Topic: Cos^-1 t = sin^-1 t Solve please!? Trigonometry?
June 16, 2019 / By Clarice
Question: 1. Solve cos-1 t = sin-1 t My book says to take the cosine of both sides, but it's not working out. 2. 2tan-1(x)=tan-1(1/4x) The negative ones mean the inverse function. Please explain all steps. 1 hour ago - 4 days left to answer.

Beatie | 3 days ago
When dealing with inverses, it is best to draw an accompanying triangle. cos^-1(t) = sin^-1(t) cos(cos^-1(t)) = cos(sin^-1(t)) t = cos(sin^-1(t)) Now focus on sin^-1(t), this means that sin(θ) = t. Draw a right triangle. Label one of the angles θ. The opposite side of that angle is t and the hypotenuse is 1. Then by the pythagorean theorem, you get the adjacent side to be √(1 - t^2). Since you drew a triangle and sin^-1(t) refers to θ in that triangle, then cos(sin^-1(t)) = cos(θ) = √(1 - t^2). Now you get: t = √(1 - t^2) Square both sides to get: t^2 = 1 - t^2 2t^2 = 1 t^2 = 1/2 t = ±1/√2 Because funny things can happen when when you square square roots (it has to do with range/domain restrictions on functions) you need to check your answers for extraneous solutions. You'll see that the only solution that works is 1/√2, that is the correct answer. 2tan^-1(x) = tan^-1(x/4) tan(2tan^-1(x)) = tan(tan^-1(x/4)) x/4 = tan(2tan^-1(x)) Just like the previous problem, draw a triangle. Remember that tan^-1(x) is the same as tan(θ) = x. Draw your right triangle, the opposite side will be x, the adjacent side will be 1, and the hypotenuse will be √(x^2 + 1). Since tan^-1(x) is the same as θ, you can think of tan(2tan^-1(x)) as tan(2θ). The formula for tan(2θ): tan(2θ) = 2tan(θ)/(1 - tan^2(θ)) Based upon the triangle we have, tan(θ) = x, now just replace tan(θ) with x to get: tan(2θ) = 2x/(1 - x^2) Since tan(2θ) is the same as tan(2tan^-1(x)) and tan(tan^-1(x)) = x/4, you get: x/4 = 2x/(1 - x^2) Now just solve for x: x(1 - x^2) = 8x x - x^3 = 8x x^3 - 7x = 0 x(x^2 - 7) = 0 x = 0, ±√7 Again you need to check your answers for extraneous solutions.

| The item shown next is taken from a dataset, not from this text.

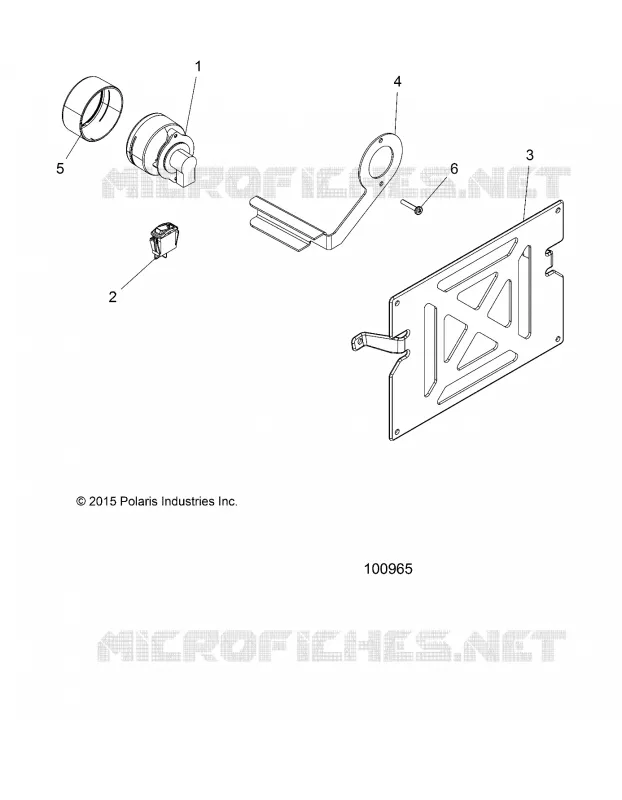 FOG LAMP  AND FRONT LICENSE BRACKET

You'll find that x = 0 is the only solution that works. I'm assuming that 1/4x meant 1/4*x or x/4 and not 1/(4x) or 1 over 4x. Now if you meant 1 over 4x you'd get: 1/(4x) = 2x/(1 - x^2) 1 - x^2 = 8x^2 9x^2 - 1 = 0 (3x - 1)(3x + 1) = 0 x = ±1/3 In this example both 1/3 and -1/3 both work. So decide which case is yours and go with that example.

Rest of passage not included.